The mechanization of our modern civilization has made a lot of headway over the years, and the recent advances in robotics help further that goal. The first robot ever to be created was an artificial bird built by the father of mechanical engineering, Archytas and was powered by steam and flew for only 200 meters.
Ever since then we’ve come a long way in that regard, especially since Japan predicts that by 2020, they will have unmanned taxis, drone deliveries and home Robots in their northern region. Which brings us to a prediction by Thomas Frey, who said that in 14 years’ time robots will be manning classrooms as teachers.
Frey is a futuristic former IBM engineer and the founder of the DaVinci Institute—a renowned think tank for tech-related innovations and also a networking organization. Frey is also a renowned speaker who has spoken at NASA, several Fortune 500 companies and the New York Times.
In an interview with the Business Insider, he stated that he envisioned a future where technology innovators would promote and refine online education. Additionally, Frey predicted by 2030; the largest organization would be an education based business we don’t know of.
Frey asserted that for an online course to be effective in teaching students it needs to be able to learn preferred learning techniques and proclivities of each student. By learning all these, it will better be able to know what interests you and continuously develop methods for teaching you faster and more effectively.
Should this prediction come true, it would mean that students will be able to reach heights of education that would have otherwise been impossible to achieve. Currently, students the world over have significantly limited learning opportunities, effective one-on-one help from instructors and progression from their respective assigned classes.

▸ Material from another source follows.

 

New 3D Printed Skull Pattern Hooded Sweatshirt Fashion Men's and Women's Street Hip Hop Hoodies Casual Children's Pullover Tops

Fortunately, the internet and computer penetration have significantly grown over the years, and this could be the gateway for an enhanced online education scheme. With this, more resources and opportunities for further learning would be available for any underprivileged student to further their education.

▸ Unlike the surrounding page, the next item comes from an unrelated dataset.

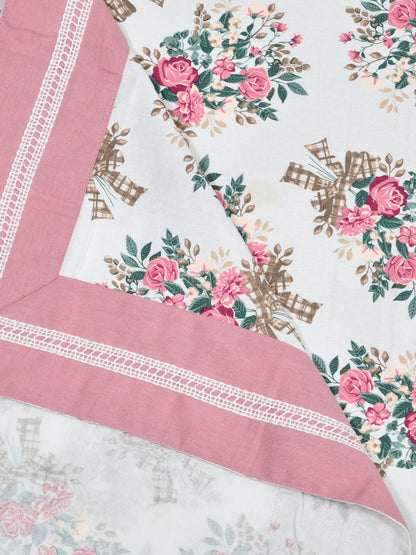Home Ecstasy 100% Cotton 150 GSM TC Floral Large Table Cover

With that said, not everyone is onboard with the notion of having robots teach our children especially because popular Hollywood sci-fi movies depict scenarios where robots ultimately take over the world and subjugate human beings. However, robots could make for a more inexpensive solution for limited education options all over the world.
It would eliminate the need to live in particular upper-class districts to access high-quality education. Furthermore, social-economic hierarchical classes and wealth would no longer influence the level of education a student gets or their ability to even get one.

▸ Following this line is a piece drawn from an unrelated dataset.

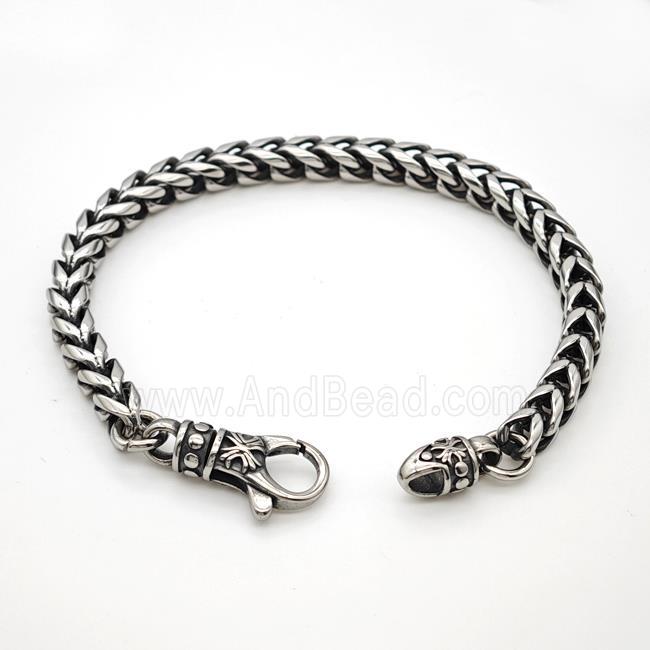 304 Stainless Steel Bracelet Antique Silver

Additionally, robots that can learn the learning behavior of students and continuously improve teaching strategies to suit the student will eliminate cases of boredom or slow learning. It could very well be better than having robots take over future jobs but perhaps, lead students to better career choices.
It is important to note that a recent survey conducted by the European Commission revealed that 30-34% of people who participated in the survey are proponents of banning robots from education. Even though Frey doesn’t outrightly propose the replacement of traditional education systems, these opinions could be changed in time.